One of Rather’s favorite areas in the new building is a broadcast studio outfitted with current technology. “It’s amazing that students have access to equipment that I had in college,” he says, noting that the school’s new technology, which includes broadcasting tools as well as items like 3D printers, has the potential to help children at Calvin Rodwell explore many new types of projects.

The Calvin Rodwell construction is part of the City’s larger 21st Century School Buildings program. Funding to overhaul and improve Baltimore City’s aging public school facilities comes from the State of Maryland, the City of Baltimore, and Baltimore City Public Schools, as a result of a campaign started in 2010 called Transform Baltimore: Build Schools, Build Neighborhoods.

For BCF, partnering with the community on the Calvin Rodwell project is a natural fit and in line with the organization’s place-based investment strategy. BCF’s 2019-2022 strategic plan identifies Calvin Rodwell, along with two other city schools and their communities, as anchors of that strategy; the schools are at the center of investments being made in their respective communities.

Specifically, BCF is supporting Calvin Rodwell with grants intended to strengthen the school’s culture and bolster academics. Organizations receiving grants include: Child First Authority, for additional staff for the middle school program; The Movement Team, to run a mentoring program on-site; and Garwyn Oaks Northwest Housing Resource Center, to support the Pathways to Homeownership program for school community families.

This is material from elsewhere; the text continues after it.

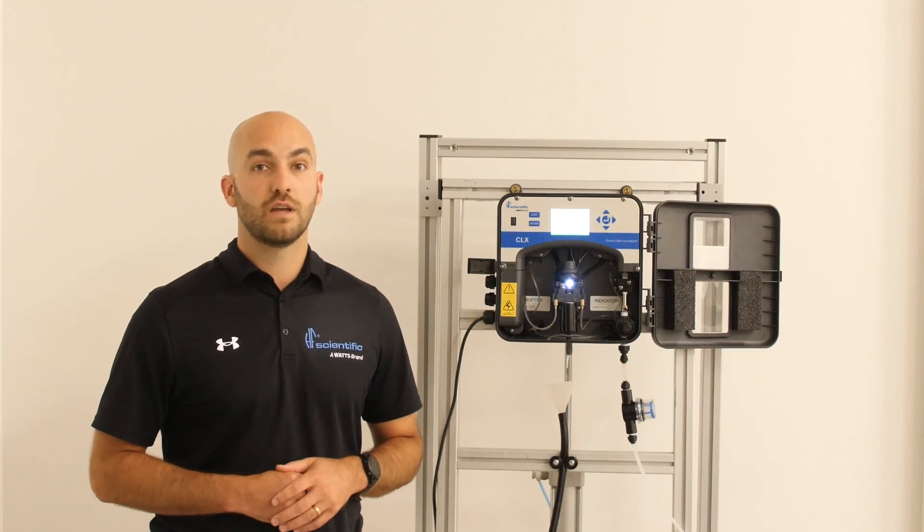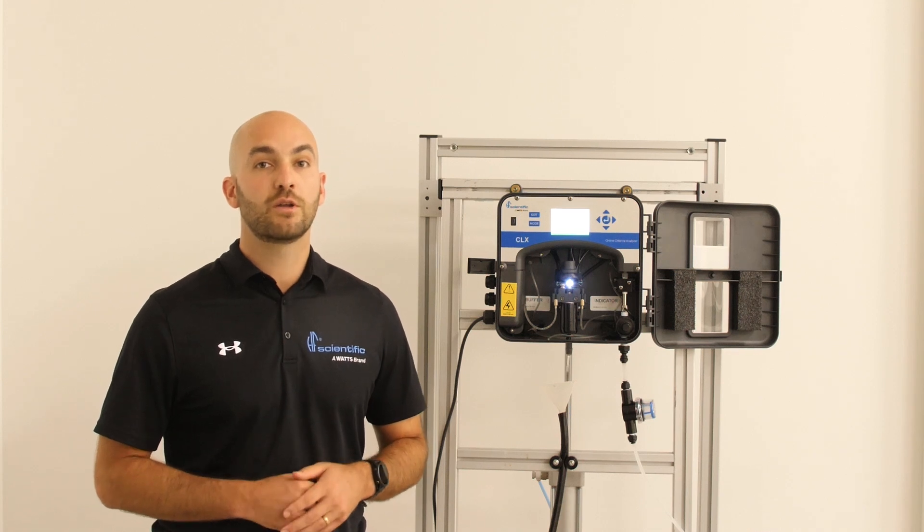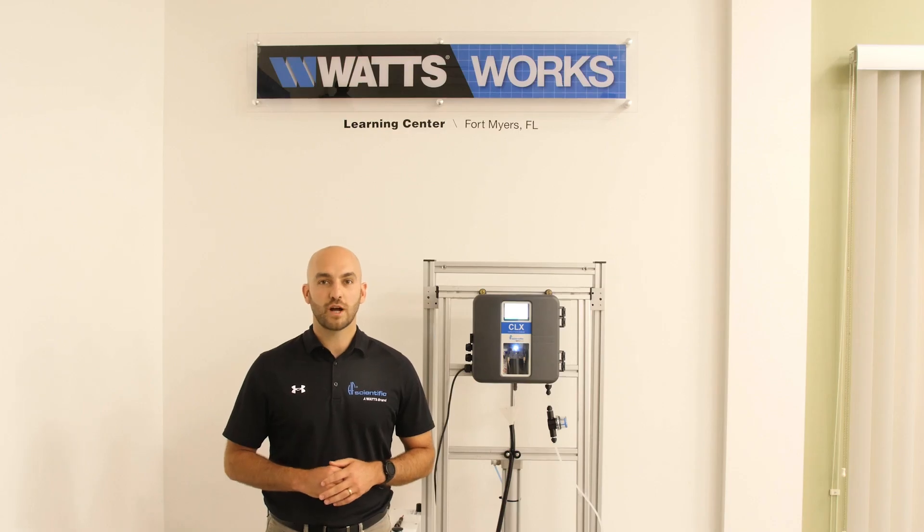We will install the reagents and perform a flow test, which can be found in our other videos called monthly reagent change. Thank you for watching this video. If you have more questions, please refer to our other videos on the HF Scientific CLX or reach out to your local HF Scientific sales rep.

BCF’s Fund for Advocacy supported the original staff and organizing work for Transform Baltimore to secure the financing plan to modernize school facilities, and funding from BCF’s Fund for Neighborhoods, Fund for Education and unrestricted endowment income support our strategic grant-making in Howard Park today.

Calvin Rodwell’s main entrance on Liberty Heights Avenue was designed to make a statement and establish the school’s presence in the community, where it serves a practical need – educating Howard Park children – and provides an emotional beacon.

Before classes adjourned unexpectedly in March to slow the spread of the novel coronavirus, Principal Rather was busy making the school a community hub. “I’m just very excited. We have heard people feel their neighborhood is prospering. It’s a sense of promise and hope. Parents are very welcoming and appreciative. Since we were given this, we want to make sure it’s taken care of, respected and nurtured.”

The forced cancellation of school has not changed that. In the weeks after classes were canceled, Calvin Rodwell was up and running as a food distribution site for families in need due to the COVID-19 pandemic, with emergency support from BCF. The rapid pivot to support families in a new way illustrates the power of schools as the anchors of communities—the foundation on which BCF is building its strategic place-based investments.